Das Eingeschworene ist an diesem Abend ab der ersten Textzeile zu spüren. Fast alle Fans singen mit, Wort für Wort, die Fäuste gereckt: «Hier sind die Onkelz, schnall dich an. Warum willst du laufen, wenn du fliegen kannst.» Wer dazu gehört, der lässt sich treiben. Wem die Band weniger vertraut ist, staunt und bleibt aussen vor. Er gehört nicht zur «Familie», die die Band im Laufe des Konzerts immer wieder beschwört.
«Für immer Böhse»
Die Familie gibt sich auch äusserlich zu erkennen. Tausende Fanshirts, viele Tattoos. Die Treue auf ewig in die Haut geritzt: «Für immer Böhse» steht auf Stefans Nacken, der aus Nürnberg angereist kam. «Die Onkelz sind eine Lebenseinstellung». Stefans Bilanz: 25 Jahre Onkelz-Fan und nur zwei Konzerte verpasst. In einem Fall sei gerade sein Sohn auf die Welt gekommen. Mit den Onkelz sei es wie mit jeder Lebenseinstellung, sagt Stefan. «Entweder du ziehst sie voll durch, oder du lässt es bleiben.» Näher kann oder will er die Faszination dieser Band nicht erklären. «Nur wer dabei ist, kann das verstehen.»

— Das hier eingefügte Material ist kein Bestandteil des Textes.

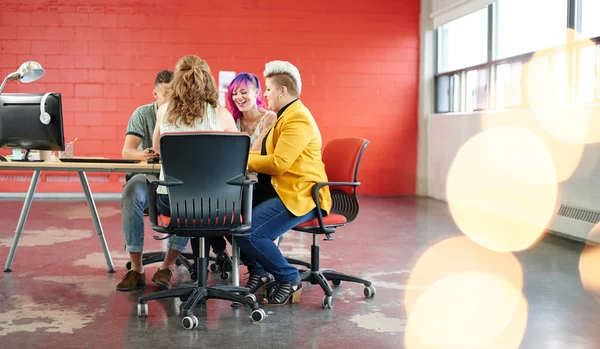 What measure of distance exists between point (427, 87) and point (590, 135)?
4070mm

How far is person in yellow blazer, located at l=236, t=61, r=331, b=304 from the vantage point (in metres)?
3.60

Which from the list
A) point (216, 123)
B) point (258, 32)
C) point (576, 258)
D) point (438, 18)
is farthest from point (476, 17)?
point (216, 123)

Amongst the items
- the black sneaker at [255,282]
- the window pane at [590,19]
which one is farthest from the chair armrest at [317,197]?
the window pane at [590,19]

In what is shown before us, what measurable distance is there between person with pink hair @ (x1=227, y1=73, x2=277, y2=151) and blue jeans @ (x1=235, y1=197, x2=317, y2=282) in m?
0.88

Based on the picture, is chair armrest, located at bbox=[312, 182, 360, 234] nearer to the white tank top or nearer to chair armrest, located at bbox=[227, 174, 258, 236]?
chair armrest, located at bbox=[227, 174, 258, 236]

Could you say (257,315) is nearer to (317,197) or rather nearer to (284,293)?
(284,293)

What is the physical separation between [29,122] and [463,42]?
610 cm

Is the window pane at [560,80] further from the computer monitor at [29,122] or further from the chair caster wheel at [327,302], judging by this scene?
the computer monitor at [29,122]

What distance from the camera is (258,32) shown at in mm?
9414

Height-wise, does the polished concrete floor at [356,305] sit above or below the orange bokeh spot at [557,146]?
below

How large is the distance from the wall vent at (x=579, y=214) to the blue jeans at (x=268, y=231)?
2966 millimetres

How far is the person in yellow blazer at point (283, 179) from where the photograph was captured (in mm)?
3600

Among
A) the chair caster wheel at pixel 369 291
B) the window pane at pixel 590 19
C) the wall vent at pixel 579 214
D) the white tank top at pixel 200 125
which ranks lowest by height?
the chair caster wheel at pixel 369 291

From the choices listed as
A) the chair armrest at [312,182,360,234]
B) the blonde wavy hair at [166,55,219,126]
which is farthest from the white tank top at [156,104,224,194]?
the chair armrest at [312,182,360,234] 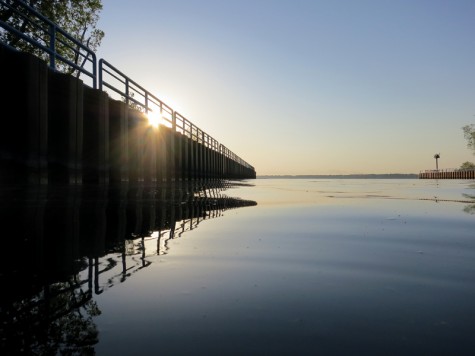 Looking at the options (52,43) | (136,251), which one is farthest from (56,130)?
(136,251)

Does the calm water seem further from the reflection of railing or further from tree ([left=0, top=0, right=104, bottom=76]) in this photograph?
tree ([left=0, top=0, right=104, bottom=76])

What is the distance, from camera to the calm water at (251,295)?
3.62 ft

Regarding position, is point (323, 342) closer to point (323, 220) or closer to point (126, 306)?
point (126, 306)

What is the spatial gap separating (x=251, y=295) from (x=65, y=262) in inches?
43.4

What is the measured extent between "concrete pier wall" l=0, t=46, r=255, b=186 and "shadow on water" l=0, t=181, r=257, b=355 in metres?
2.15

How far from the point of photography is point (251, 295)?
159 cm

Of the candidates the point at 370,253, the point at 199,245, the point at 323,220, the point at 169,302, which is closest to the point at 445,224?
the point at 323,220

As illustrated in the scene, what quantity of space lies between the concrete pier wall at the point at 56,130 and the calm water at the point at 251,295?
3.92 meters

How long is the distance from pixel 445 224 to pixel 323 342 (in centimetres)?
380

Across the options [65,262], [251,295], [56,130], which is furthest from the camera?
[56,130]

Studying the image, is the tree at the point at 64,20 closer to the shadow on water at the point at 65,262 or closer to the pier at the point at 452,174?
the shadow on water at the point at 65,262

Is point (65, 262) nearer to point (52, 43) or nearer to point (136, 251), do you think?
point (136, 251)

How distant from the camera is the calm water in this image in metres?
1.10

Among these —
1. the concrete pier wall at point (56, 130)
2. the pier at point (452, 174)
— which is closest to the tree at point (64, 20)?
the concrete pier wall at point (56, 130) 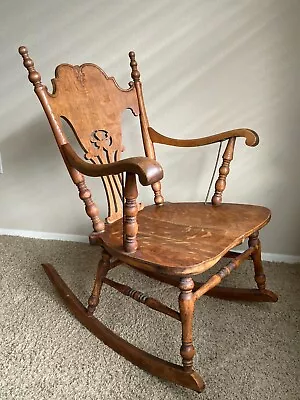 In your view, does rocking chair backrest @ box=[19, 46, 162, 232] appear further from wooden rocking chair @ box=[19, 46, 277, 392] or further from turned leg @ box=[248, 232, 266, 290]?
turned leg @ box=[248, 232, 266, 290]

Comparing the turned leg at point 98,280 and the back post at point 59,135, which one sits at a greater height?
the back post at point 59,135

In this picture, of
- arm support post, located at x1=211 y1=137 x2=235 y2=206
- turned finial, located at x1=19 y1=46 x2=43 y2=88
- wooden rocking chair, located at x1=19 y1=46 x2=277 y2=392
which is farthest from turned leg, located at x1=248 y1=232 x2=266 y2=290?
turned finial, located at x1=19 y1=46 x2=43 y2=88

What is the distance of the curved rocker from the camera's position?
1.16m

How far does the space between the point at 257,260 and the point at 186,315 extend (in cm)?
44

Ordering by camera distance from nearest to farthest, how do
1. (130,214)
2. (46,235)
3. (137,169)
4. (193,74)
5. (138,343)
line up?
1. (137,169)
2. (130,214)
3. (138,343)
4. (193,74)
5. (46,235)

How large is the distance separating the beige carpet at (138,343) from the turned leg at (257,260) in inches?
3.3

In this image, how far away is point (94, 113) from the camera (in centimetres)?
144

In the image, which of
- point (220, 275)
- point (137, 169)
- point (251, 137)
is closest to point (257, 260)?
point (220, 275)

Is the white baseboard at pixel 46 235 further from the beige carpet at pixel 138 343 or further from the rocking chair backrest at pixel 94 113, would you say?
the rocking chair backrest at pixel 94 113

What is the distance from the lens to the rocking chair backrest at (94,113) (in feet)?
4.29

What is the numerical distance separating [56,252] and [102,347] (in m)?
0.71

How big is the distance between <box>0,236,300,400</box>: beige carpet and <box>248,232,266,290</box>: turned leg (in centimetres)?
8

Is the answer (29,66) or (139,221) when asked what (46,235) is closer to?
(139,221)

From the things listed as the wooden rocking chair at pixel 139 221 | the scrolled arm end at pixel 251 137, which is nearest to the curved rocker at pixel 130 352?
the wooden rocking chair at pixel 139 221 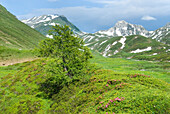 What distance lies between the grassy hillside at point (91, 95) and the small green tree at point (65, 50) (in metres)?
3.07

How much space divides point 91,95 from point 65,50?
11.7 metres

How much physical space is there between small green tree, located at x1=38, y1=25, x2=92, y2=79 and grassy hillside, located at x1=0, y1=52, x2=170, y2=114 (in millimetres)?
3073

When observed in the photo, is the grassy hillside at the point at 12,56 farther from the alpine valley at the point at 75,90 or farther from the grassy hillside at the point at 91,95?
the alpine valley at the point at 75,90

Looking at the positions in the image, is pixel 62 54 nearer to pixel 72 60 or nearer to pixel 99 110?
pixel 72 60

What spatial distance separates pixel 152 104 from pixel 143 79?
819 cm

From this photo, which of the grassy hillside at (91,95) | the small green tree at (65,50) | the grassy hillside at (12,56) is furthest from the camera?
the grassy hillside at (12,56)

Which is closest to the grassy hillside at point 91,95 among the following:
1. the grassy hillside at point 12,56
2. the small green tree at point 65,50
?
the small green tree at point 65,50

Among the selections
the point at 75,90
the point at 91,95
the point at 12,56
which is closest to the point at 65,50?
the point at 75,90

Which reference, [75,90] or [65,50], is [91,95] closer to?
[75,90]

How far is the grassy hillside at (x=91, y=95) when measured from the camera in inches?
514

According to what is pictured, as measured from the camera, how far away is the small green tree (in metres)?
24.8

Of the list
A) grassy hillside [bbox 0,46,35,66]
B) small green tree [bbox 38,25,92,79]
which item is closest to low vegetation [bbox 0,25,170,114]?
small green tree [bbox 38,25,92,79]

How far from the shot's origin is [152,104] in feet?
41.1

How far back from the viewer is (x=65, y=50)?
2470cm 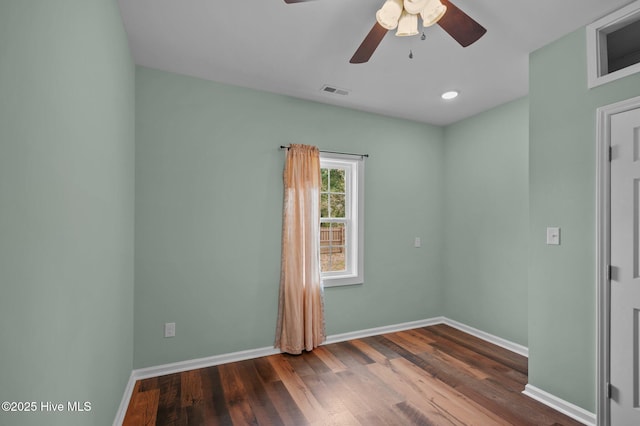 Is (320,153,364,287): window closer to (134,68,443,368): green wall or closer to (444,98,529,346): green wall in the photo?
(134,68,443,368): green wall

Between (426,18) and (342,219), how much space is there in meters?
2.42

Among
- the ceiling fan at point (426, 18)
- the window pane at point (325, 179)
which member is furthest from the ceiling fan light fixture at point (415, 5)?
the window pane at point (325, 179)

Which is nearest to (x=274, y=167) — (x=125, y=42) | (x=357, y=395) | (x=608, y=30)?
(x=125, y=42)

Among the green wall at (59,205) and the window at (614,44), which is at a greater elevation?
the window at (614,44)

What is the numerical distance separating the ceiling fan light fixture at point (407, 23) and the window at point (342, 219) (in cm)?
191

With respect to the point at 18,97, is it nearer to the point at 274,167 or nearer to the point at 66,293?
the point at 66,293

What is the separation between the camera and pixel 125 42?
2.25m

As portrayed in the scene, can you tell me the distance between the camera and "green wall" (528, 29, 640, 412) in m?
2.14

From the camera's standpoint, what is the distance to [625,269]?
1.96 metres

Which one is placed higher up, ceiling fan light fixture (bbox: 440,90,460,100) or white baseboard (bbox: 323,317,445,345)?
ceiling fan light fixture (bbox: 440,90,460,100)

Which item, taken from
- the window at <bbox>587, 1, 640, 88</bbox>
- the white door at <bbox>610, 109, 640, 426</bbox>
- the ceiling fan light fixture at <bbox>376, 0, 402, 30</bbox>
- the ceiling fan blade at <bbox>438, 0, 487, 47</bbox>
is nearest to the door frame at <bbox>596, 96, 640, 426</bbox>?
the white door at <bbox>610, 109, 640, 426</bbox>

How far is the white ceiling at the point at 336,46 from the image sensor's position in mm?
1991

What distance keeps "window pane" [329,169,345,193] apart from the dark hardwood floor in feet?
5.99

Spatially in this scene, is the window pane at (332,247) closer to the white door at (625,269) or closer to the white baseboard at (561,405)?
the white baseboard at (561,405) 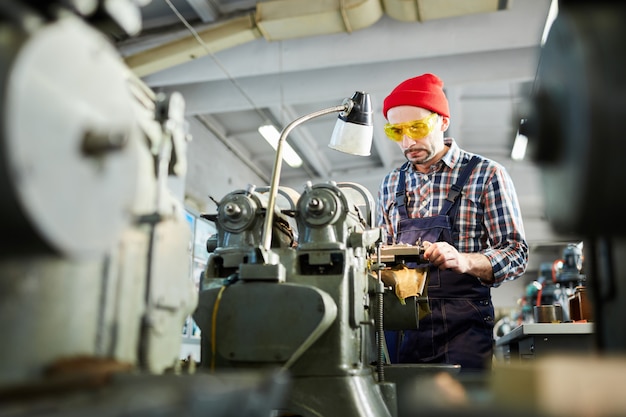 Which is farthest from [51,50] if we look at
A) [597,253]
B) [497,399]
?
[597,253]

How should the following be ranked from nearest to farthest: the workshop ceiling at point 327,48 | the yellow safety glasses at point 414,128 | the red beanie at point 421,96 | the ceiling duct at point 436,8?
the yellow safety glasses at point 414,128, the red beanie at point 421,96, the ceiling duct at point 436,8, the workshop ceiling at point 327,48

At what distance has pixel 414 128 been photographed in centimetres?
232

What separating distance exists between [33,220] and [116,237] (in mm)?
169

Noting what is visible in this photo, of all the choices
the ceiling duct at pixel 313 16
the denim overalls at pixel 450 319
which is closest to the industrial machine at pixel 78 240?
the denim overalls at pixel 450 319

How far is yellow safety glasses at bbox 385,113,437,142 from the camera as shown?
7.59ft

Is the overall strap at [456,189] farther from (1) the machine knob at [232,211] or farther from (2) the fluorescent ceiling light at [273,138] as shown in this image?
(2) the fluorescent ceiling light at [273,138]

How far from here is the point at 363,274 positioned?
1.70 metres

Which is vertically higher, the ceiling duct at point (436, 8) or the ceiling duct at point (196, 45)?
the ceiling duct at point (436, 8)

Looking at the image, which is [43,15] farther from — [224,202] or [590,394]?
[224,202]

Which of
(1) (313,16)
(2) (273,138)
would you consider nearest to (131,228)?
(1) (313,16)

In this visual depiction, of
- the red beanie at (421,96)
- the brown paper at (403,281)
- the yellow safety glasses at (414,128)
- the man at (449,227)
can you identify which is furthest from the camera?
the red beanie at (421,96)

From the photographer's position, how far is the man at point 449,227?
2182mm

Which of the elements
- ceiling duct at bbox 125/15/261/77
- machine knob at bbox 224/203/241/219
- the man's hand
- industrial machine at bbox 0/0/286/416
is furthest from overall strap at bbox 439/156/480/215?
ceiling duct at bbox 125/15/261/77

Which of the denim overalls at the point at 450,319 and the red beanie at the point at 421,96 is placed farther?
the red beanie at the point at 421,96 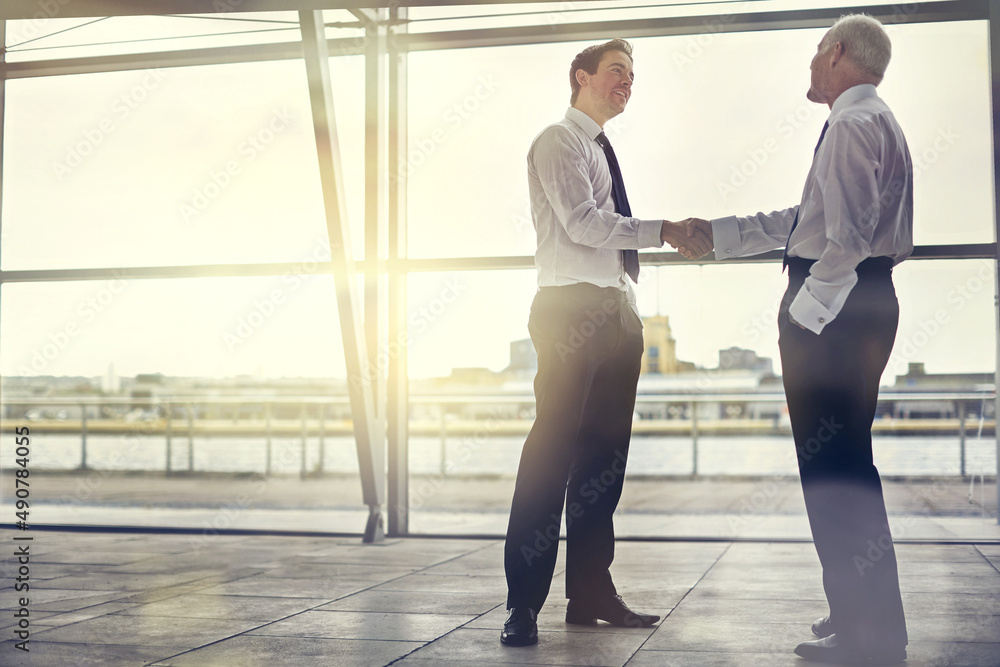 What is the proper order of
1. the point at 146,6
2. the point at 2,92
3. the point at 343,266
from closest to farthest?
the point at 146,6 < the point at 343,266 < the point at 2,92

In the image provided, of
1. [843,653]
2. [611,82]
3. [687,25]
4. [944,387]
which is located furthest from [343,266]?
[944,387]

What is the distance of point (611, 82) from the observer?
2.47m

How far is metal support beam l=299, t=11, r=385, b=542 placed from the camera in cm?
411

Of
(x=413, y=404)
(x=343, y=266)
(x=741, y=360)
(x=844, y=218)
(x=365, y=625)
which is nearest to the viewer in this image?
(x=844, y=218)

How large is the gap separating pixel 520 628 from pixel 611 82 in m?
1.42

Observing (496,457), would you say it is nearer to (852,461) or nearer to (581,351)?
(581,351)

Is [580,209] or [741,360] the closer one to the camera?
[580,209]

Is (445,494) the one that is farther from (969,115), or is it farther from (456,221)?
(969,115)

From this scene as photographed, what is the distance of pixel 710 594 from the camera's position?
2.96 m

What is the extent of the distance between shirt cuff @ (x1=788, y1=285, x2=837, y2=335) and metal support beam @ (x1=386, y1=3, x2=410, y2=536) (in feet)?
9.24

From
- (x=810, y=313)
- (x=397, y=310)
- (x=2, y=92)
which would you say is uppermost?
A: (x=2, y=92)

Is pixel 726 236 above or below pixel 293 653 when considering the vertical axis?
above

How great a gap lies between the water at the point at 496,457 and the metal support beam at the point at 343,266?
2841 millimetres

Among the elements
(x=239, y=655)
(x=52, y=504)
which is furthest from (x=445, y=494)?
(x=239, y=655) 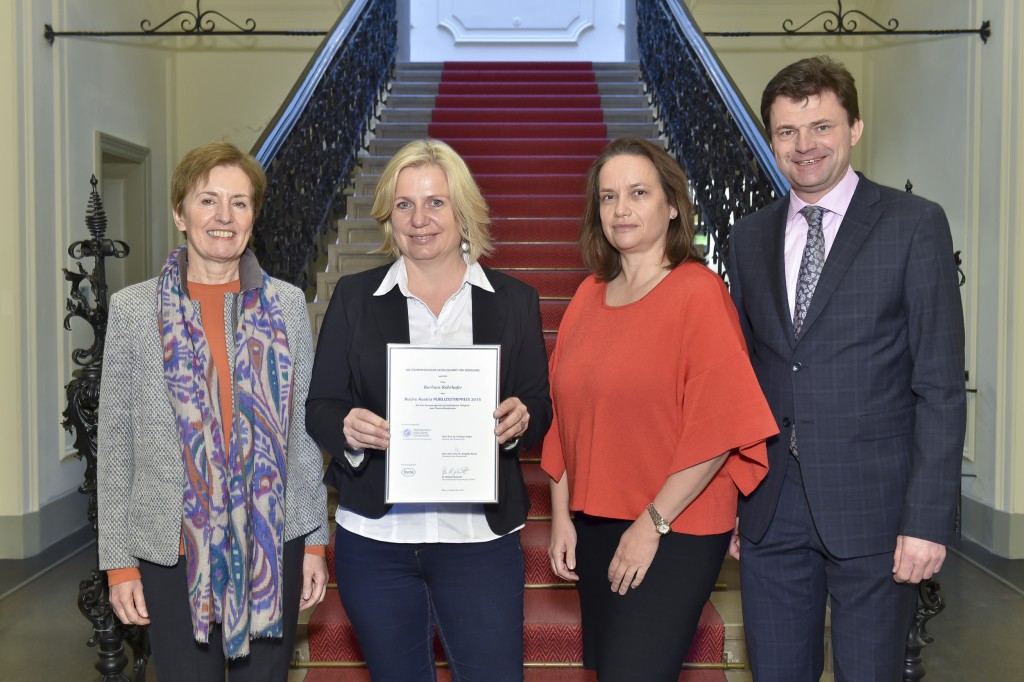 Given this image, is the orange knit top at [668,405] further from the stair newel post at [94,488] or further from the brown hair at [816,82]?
the stair newel post at [94,488]

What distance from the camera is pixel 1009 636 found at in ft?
13.8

Die Böhsen Onkelz sind ein Rockphänomen aus Frankfurt am Main, deren Mitglieder und Fans sich schon immer missverstanden fühlten. Rechtsradikale und frauenverachtende Texte aus den frühen 80er-Jahren sind das schwere Erbe der Band. Von vielen Fans werden sie heute als «Jugendsünden» abgetan. Die Band distanzierte sich schon in den 90er-Jahren vom rechtsradikalen Gedankengut. Stephan Weidner, einer der beiden Sänger, stieg einst gar von der Bühne, um einen Neonazi zu verprügeln, der gerade zum Hitlergruss ansetzte.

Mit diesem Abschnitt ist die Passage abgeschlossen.